Even more interesting, the two numbers have drastically different interpretations. See

http://en.wikipedia.org/wiki/Simpson's_paradox

So basically if you compare your average kill to death ratio with another player and find that it is better, he can still have a better total win/loss ratio.

 

[LCKurtz]

Well I wrote that equation and proved it wrong by contradiction.

Easy enough, once the problem is formulated correctly.

Don't you think it's interesting that it isn't true?

It didn't strike me as "interesting that it isn't true". My reaction was more like "why would anyone expect those to be equal?".

Even more interesting, the two numbers have drastically different interpretations. See

http://en.wikipedia.org/wiki/Simpson's_paradox

So basically if you compare your average kill to death ratio with another player and find that it is better, he can still have a better total win/loss ratio.

Thanks for the link. I had never heard of Simpson's paradox.

 

[J3N0VA]

It didn't strike me as "interesting that it isn't true". My reaction was more like "why would anyone expect those to be equal?".

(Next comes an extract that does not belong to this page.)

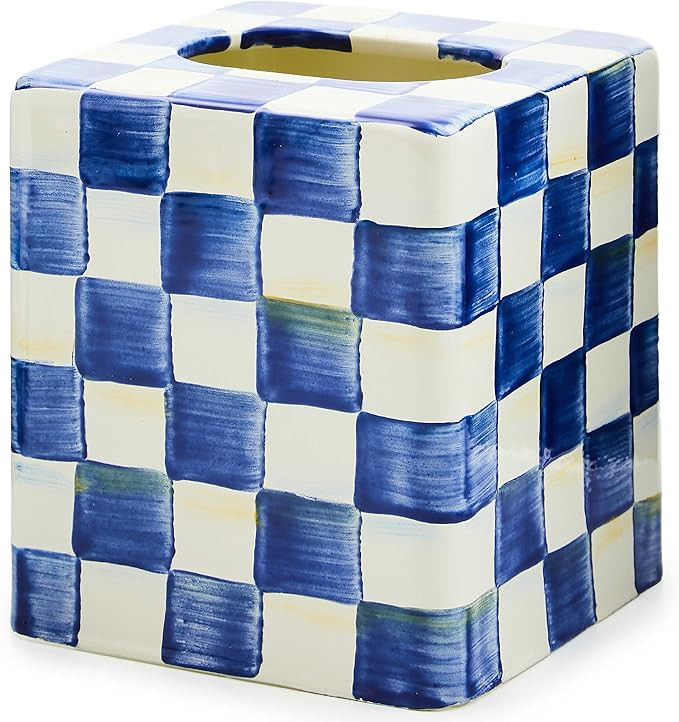 MACKENZIE-CHILDS Tissue-Box Cover, Tissue Holder for Home Decor, Blue-and-White Royal Check, Squa... | Amazon (US)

Perhaps you have a stronger mathematical intuition than me.

 

[Kindayr]

The best way I look at them is that the left side is the average K/D per game. The second number is your total kills over your total deaths.

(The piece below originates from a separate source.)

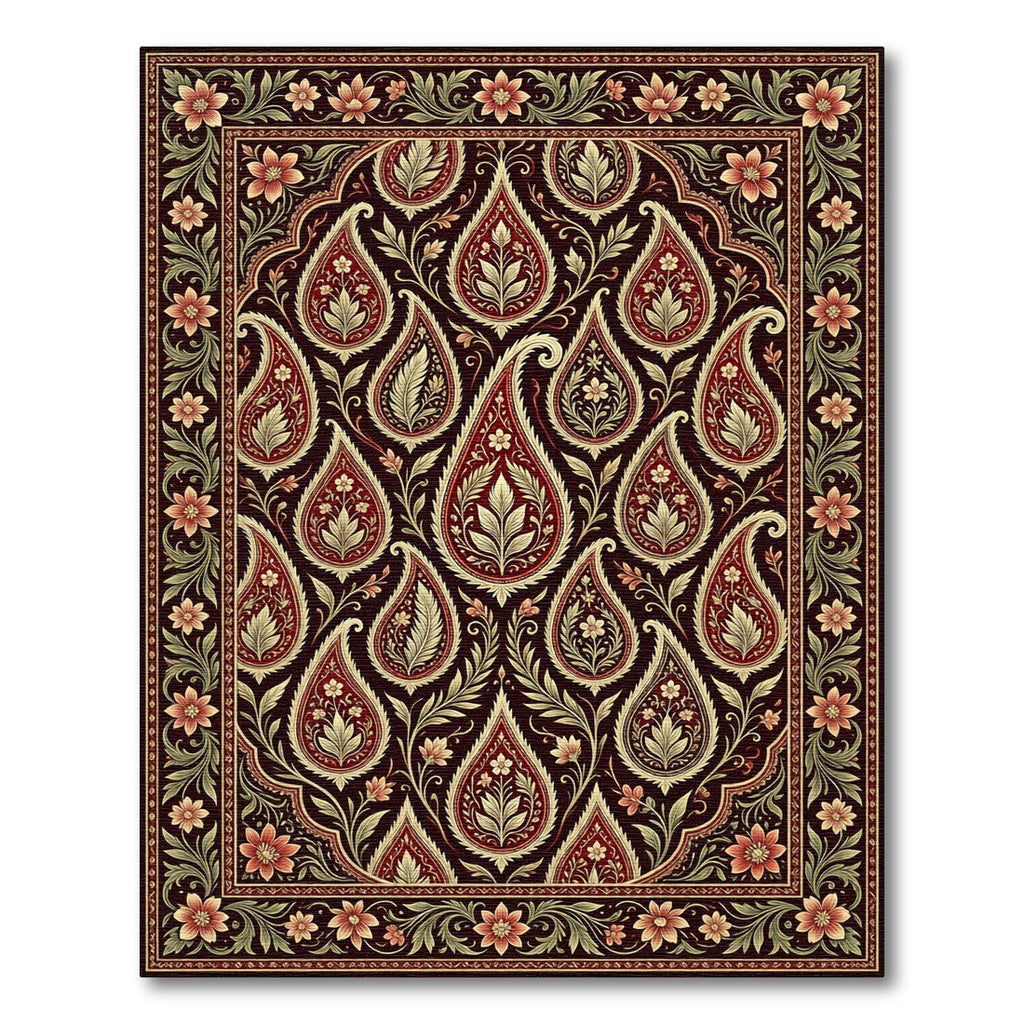 Rich Crimson Paisley Floral Border Rug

They can vary a lot, depending on your own skill. if you consistently get the same K/D per game, then they will be the same, or at least closer to one another. But if your skill is inconsistent, then these numbers will differ much more substantially. For example, if you get a game where you get 0 kills and 200 deaths, your K/D for that game is 0, so it affects the left side very small. However, it adds 200 deaths to the right side, affecting your total more drastically.

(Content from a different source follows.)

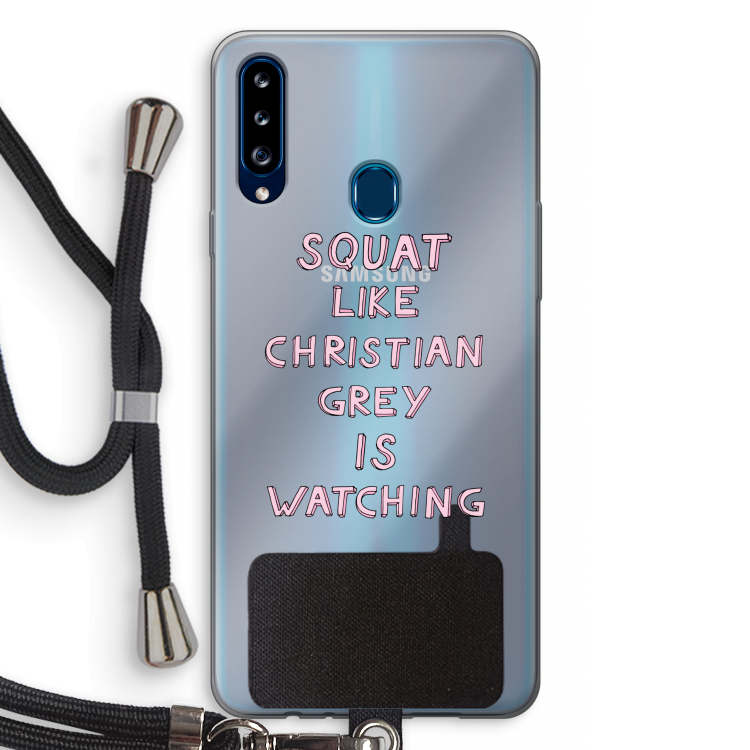 Christian Grey: Samsung Galaxy A20s Transparant Hoesje met koord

I hope that opens some intuition.

 

[J3N0VA]

Even more interesting, the two numbers have drastically different interpretations. See

http://en.wikipedia.org/wiki/Simpson's_paradox

So basically if you compare your average kill to death ratio with another player and find that it is better, he can still have a better total win/loss ratio.

Can you explain this article in mathematical terms? I find it confusing.